- [Task details]:
For the records below, output word for word the lines from the one with "This backyard is" up to and including the one with "Two burger patties sizzling on the griddle". No pictures.

- [Data in this exercise]:
__________________________________________________

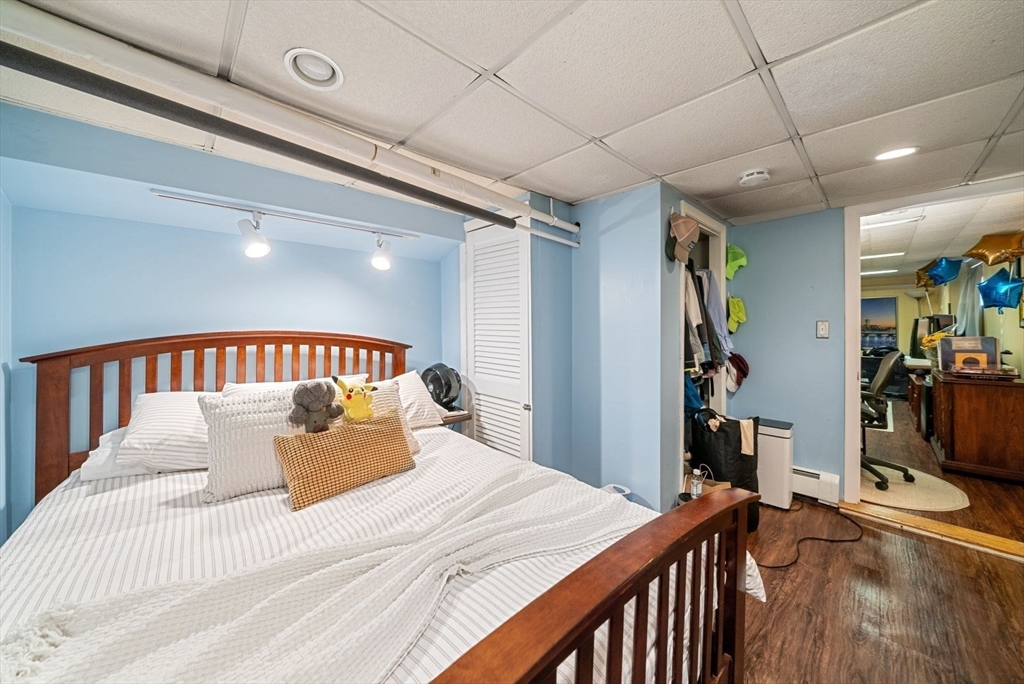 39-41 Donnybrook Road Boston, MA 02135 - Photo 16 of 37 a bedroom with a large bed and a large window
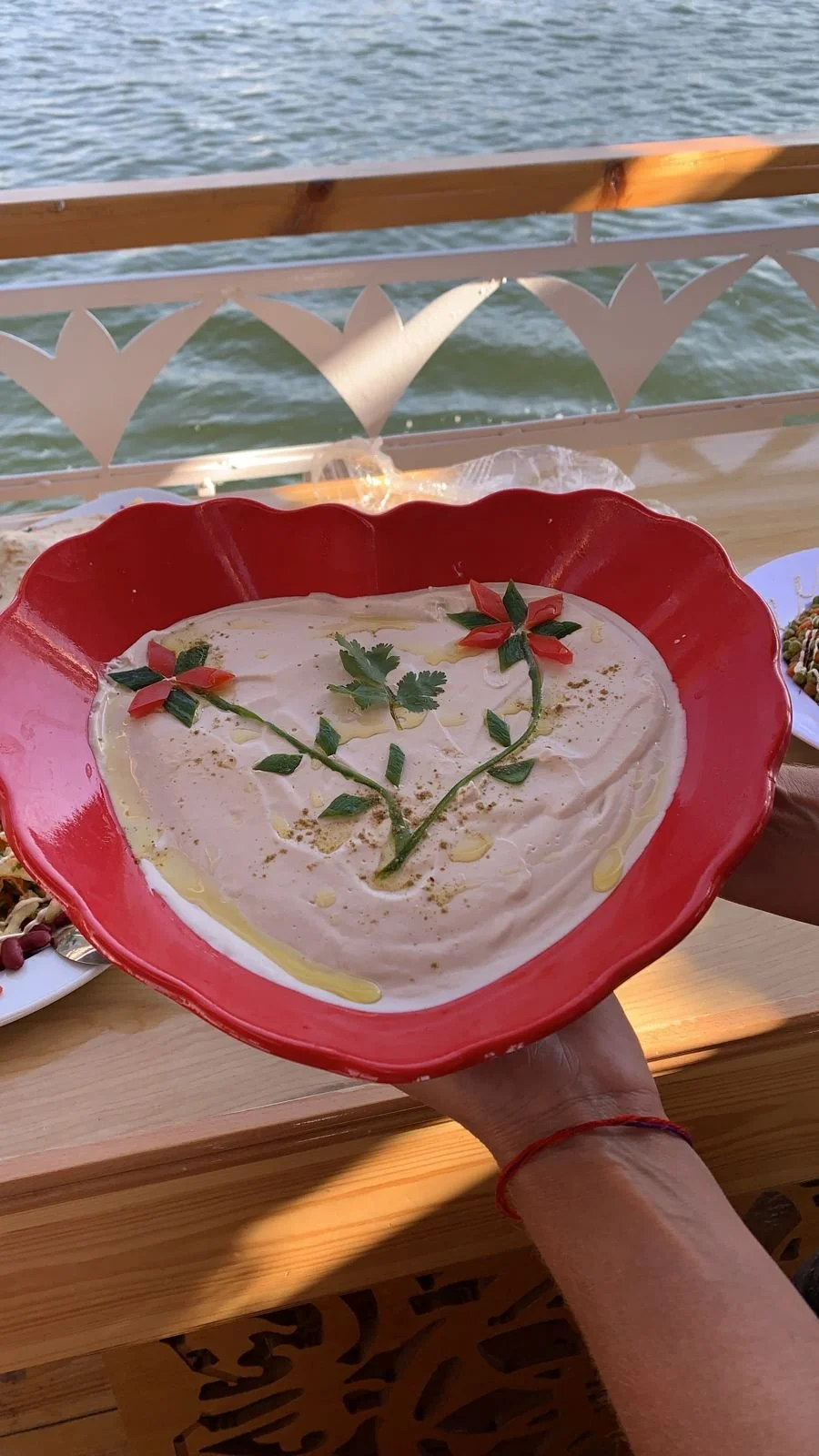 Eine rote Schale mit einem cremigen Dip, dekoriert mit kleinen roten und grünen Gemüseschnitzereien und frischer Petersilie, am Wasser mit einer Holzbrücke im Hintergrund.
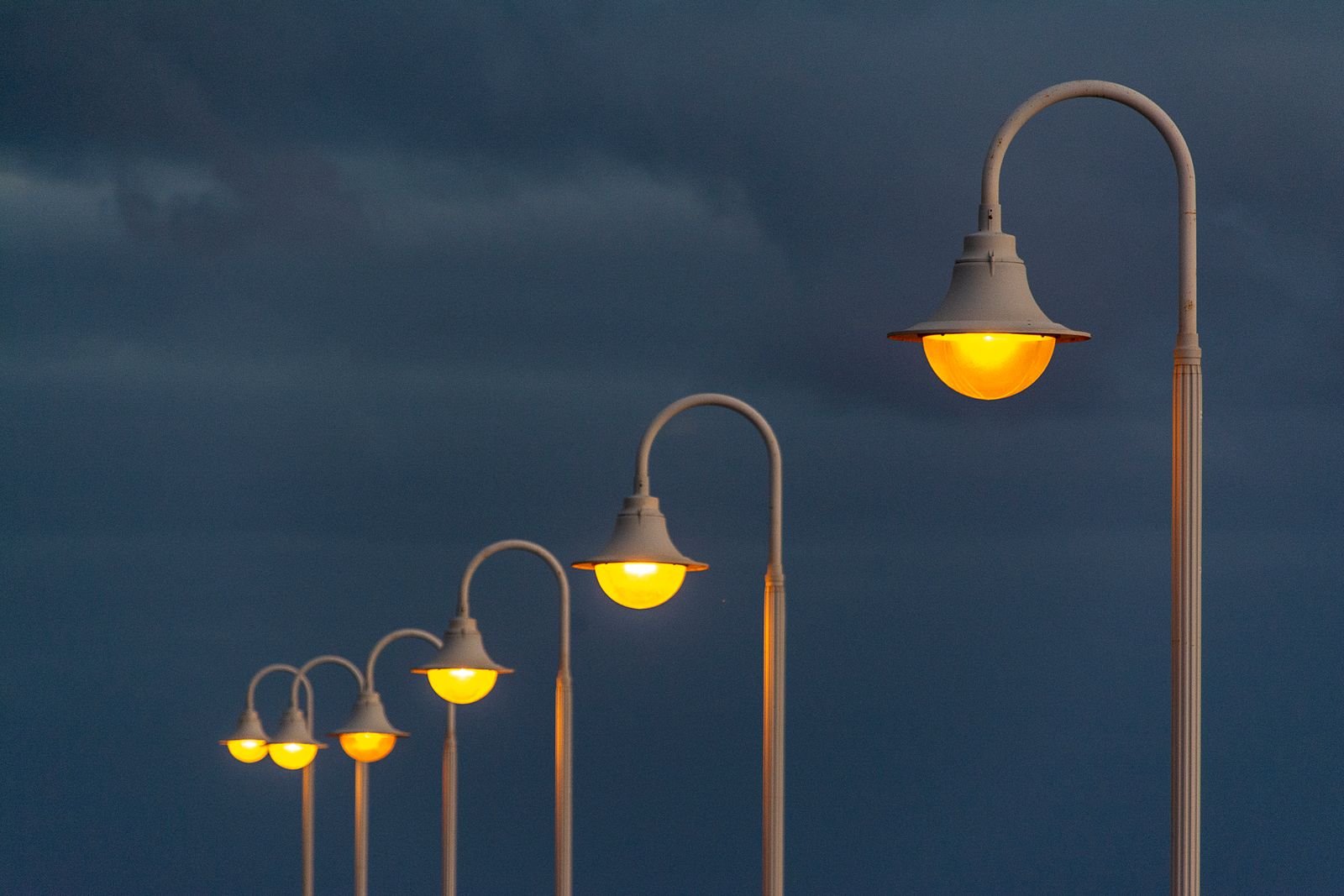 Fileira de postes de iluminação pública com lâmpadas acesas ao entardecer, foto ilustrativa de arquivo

__________________________________________________

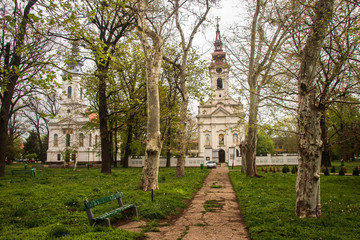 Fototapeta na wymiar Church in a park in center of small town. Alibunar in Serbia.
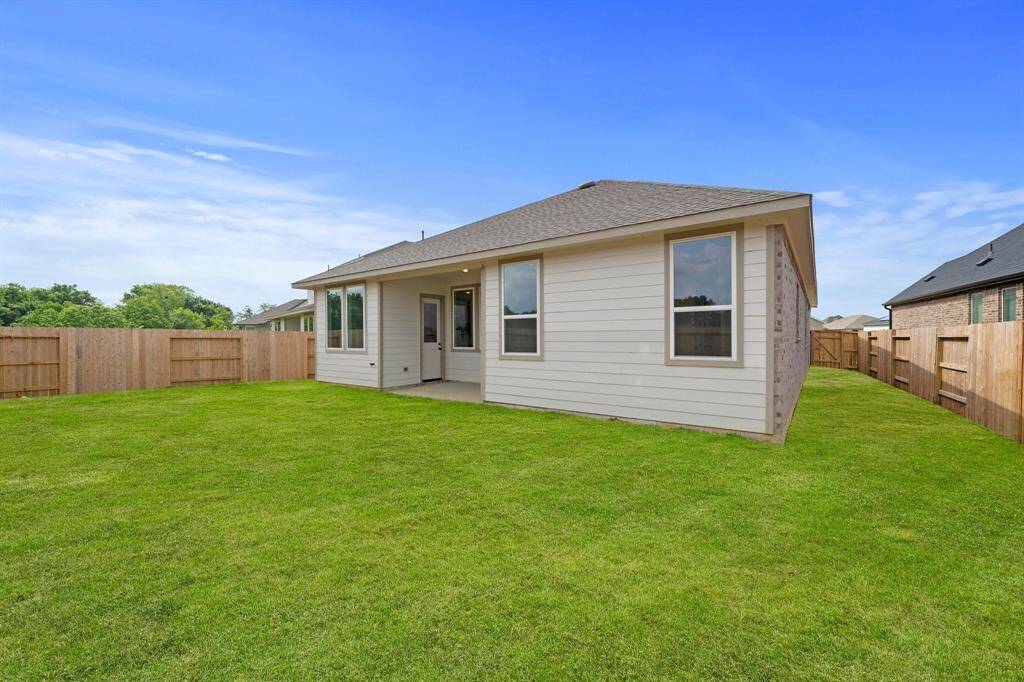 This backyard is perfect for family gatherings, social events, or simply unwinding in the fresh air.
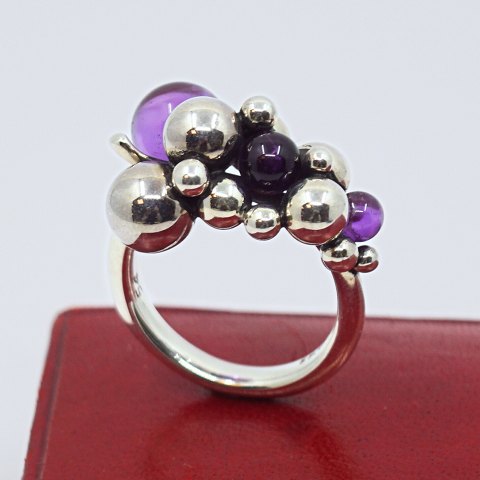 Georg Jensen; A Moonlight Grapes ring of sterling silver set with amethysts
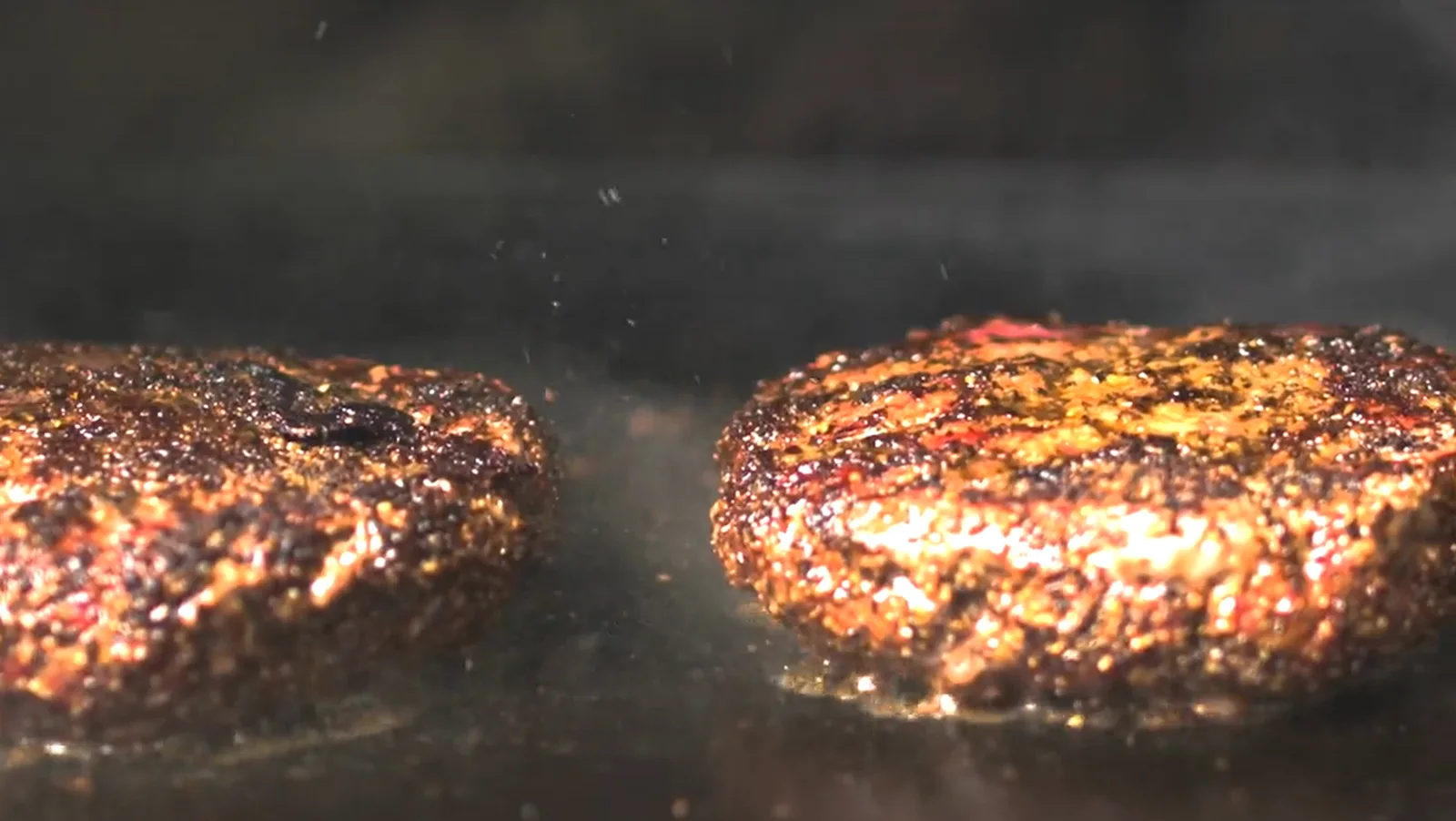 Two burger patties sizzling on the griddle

__________________________________________________

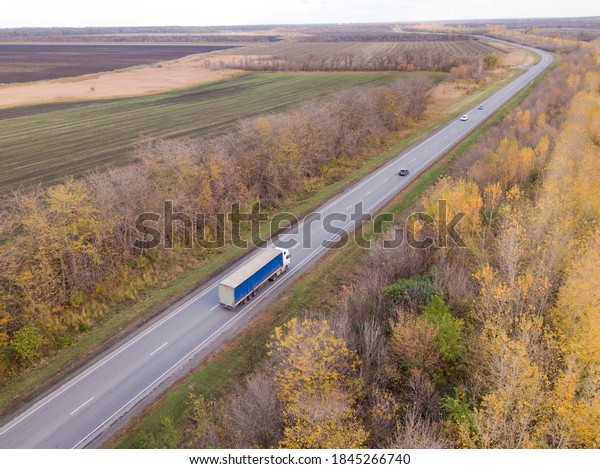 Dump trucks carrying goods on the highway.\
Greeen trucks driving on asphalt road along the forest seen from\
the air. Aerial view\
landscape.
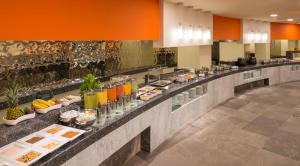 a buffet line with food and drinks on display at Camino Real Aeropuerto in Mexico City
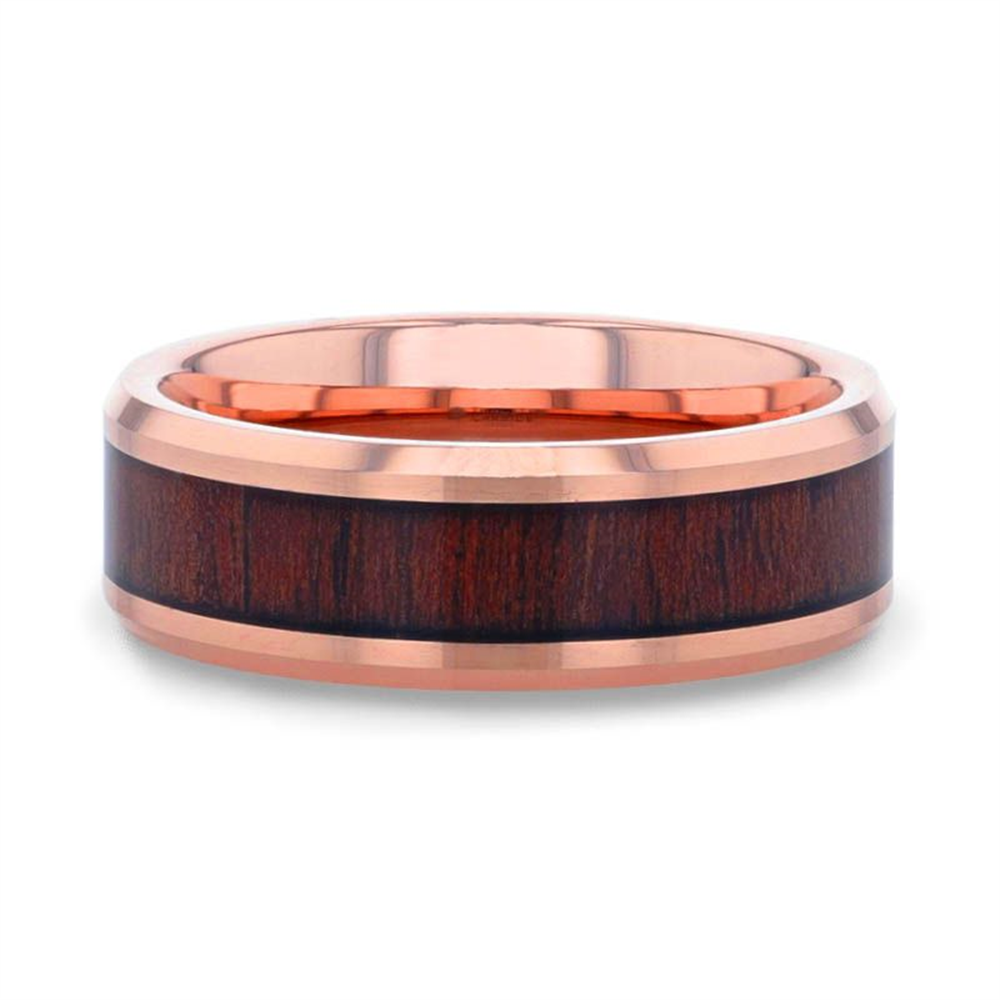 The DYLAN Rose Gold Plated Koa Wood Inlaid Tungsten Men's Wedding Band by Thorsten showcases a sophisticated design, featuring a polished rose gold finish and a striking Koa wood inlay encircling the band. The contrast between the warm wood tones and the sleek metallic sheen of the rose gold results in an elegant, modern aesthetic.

__________________________________________________

- [Your solution]:
 This backyard is perfect for family gatherings, social events, or simply unwinding in the fresh air.
 Georg Jensen; A Moonlight Grapes ring of sterling silver set with amethysts
 Two burger patties sizzling on the griddle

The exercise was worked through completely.